Once you’ve written your Will, don’t just forget about it. Changes to your circumstances (e.g. marriage, divorce, having a child or moving house) can make parts of the Will invalid or unfair and open to a successful claim under the Inheritance Act. You should therefore review your Will regularly to reflect any major life changes, ideally every year.

Find out more about life events that can affect how you make a Will here.

8 reasons why you should be making a Will today

Wills – Your Questions Answered

An at-a-glance guide to making a Will, and the risks you run if you haven’t made a Will.

1. If you don’t make a will, you cannot control who will inherit your money and property.

If you die without making a Will, your property will be distributed according to law (the law of ‘intestacy’), which is likely to be against your personal wishes and the people you want to inherit your possessions may not benefit. By making a Will, you can determine precisely who will inherit your property and let your loved ones know that you have considered their needs.

The law of intestacy is complex, but, broadly speaking, the bulk of your estate will go to your spouse (including a registered civil partner) or, if none, to your children (whether or not they are adults) and, if none, to other blood relatives.

The effect of the rules depends partly on whether you have children and your marital status. If you’re married with no children, your surviving spouse/civil partner will inherit everything.

But if you’re married with children, when you die without a Will less than you expect may go to your spouse. Your surviving spouse will receive £250,000, plus your personal belongings, and then half of the estate automatically. Your children will then inherit the remaining half share of the estate (or on trust until they reach the age of 18).

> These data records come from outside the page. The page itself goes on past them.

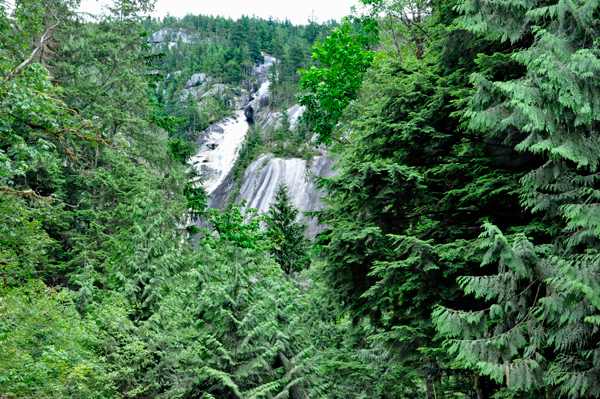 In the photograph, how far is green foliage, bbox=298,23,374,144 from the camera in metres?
15.2

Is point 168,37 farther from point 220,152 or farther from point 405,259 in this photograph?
point 405,259

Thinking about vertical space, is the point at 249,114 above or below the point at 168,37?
below

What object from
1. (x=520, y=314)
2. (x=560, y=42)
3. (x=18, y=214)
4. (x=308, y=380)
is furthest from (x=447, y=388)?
(x=18, y=214)

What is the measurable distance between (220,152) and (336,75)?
49983mm

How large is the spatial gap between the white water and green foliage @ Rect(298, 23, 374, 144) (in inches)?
1579

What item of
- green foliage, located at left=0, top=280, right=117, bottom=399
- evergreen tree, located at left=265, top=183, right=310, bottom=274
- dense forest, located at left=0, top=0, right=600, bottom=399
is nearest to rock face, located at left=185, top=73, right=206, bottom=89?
evergreen tree, located at left=265, top=183, right=310, bottom=274

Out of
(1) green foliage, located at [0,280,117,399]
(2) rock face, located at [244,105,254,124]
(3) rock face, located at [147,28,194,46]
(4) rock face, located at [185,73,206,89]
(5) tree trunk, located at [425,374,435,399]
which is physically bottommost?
(1) green foliage, located at [0,280,117,399]

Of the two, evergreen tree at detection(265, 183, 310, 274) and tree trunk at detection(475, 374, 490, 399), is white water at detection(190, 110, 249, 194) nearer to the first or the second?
evergreen tree at detection(265, 183, 310, 274)

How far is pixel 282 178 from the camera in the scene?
43781mm

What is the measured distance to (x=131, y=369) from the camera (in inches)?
312

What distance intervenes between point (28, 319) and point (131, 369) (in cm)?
211

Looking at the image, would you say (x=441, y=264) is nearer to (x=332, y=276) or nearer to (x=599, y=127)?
(x=332, y=276)

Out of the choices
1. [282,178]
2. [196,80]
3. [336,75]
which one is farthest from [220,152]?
[336,75]

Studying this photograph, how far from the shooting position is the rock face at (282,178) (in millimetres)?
43438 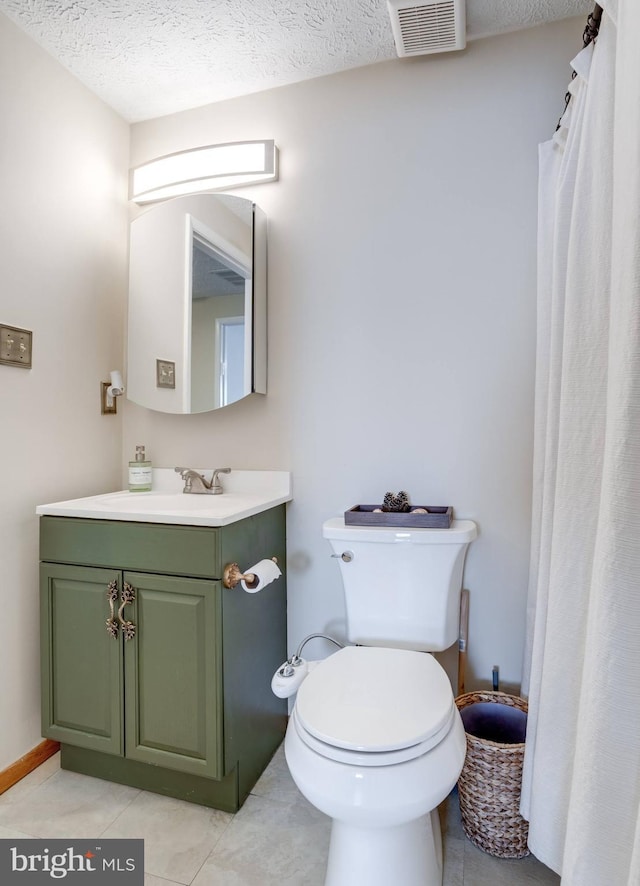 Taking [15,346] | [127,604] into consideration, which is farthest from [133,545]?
[15,346]

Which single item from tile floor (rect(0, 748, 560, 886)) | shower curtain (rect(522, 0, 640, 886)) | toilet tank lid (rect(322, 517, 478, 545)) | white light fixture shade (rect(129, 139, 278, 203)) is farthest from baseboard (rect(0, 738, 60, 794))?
white light fixture shade (rect(129, 139, 278, 203))

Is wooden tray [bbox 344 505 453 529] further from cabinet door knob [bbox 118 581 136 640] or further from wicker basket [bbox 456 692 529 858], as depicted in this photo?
cabinet door knob [bbox 118 581 136 640]

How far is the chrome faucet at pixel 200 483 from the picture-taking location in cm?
183

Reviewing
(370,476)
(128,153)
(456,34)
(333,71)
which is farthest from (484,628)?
(128,153)

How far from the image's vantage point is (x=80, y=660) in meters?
1.52

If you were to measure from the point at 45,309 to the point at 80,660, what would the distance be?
115 cm

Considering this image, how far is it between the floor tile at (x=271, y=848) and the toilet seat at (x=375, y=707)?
0.48m

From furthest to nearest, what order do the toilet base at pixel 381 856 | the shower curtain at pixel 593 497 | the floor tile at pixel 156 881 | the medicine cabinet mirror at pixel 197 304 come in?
1. the medicine cabinet mirror at pixel 197 304
2. the floor tile at pixel 156 881
3. the toilet base at pixel 381 856
4. the shower curtain at pixel 593 497

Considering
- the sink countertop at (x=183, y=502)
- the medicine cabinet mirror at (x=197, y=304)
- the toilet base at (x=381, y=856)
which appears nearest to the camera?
the toilet base at (x=381, y=856)

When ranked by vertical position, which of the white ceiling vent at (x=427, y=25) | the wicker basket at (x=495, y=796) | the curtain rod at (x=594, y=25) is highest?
the white ceiling vent at (x=427, y=25)

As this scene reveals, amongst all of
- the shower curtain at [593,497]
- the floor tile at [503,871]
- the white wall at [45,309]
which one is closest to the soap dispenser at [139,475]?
the white wall at [45,309]

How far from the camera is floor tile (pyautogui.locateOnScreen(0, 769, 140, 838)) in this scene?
4.43 ft

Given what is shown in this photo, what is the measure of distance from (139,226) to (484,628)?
1925 millimetres

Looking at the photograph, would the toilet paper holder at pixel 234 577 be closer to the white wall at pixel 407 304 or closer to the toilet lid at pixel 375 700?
the toilet lid at pixel 375 700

So it’s always prudent to have a valid will rather than rely on the intestacy rules.

Find out the laws on intestacy here.

2. If you’re not married and haven’t made a Will, your partner may receive nothing.

If you’re not married but are living with your partner and you want them to inherit your estate, it’s particularly important that you make a will. This is because the rules of intestacy make no provision for cohabitation or unmarried partners (other than registered civil partners). If you died without making a Will, your partner may not be legally entitled to anything from your estate.

Find out about the cohabitation risk you take if you’re part of an unmarried couple and haven’t made a will.

3. By making a Will you can determine who will handle your affairs after your death.

If you die without making a Will, you die ‘intestate’. This means that the management of your affairs is then placed in the hands of administrators who are appointed by the court. The administrators distribute your estate according to the rules of intestacy (see above).

4. By making a Will you can name a guardian for your children.

If you have minor children, you can name a guardian to care for them in the event of them being left without any parents. Since a guardian takes the place of a parent, making a will gives you the option of choosing someone you believe will offer the best care for your children if you’re not around.

5. It’s important to make a new Will if you get married or divorced.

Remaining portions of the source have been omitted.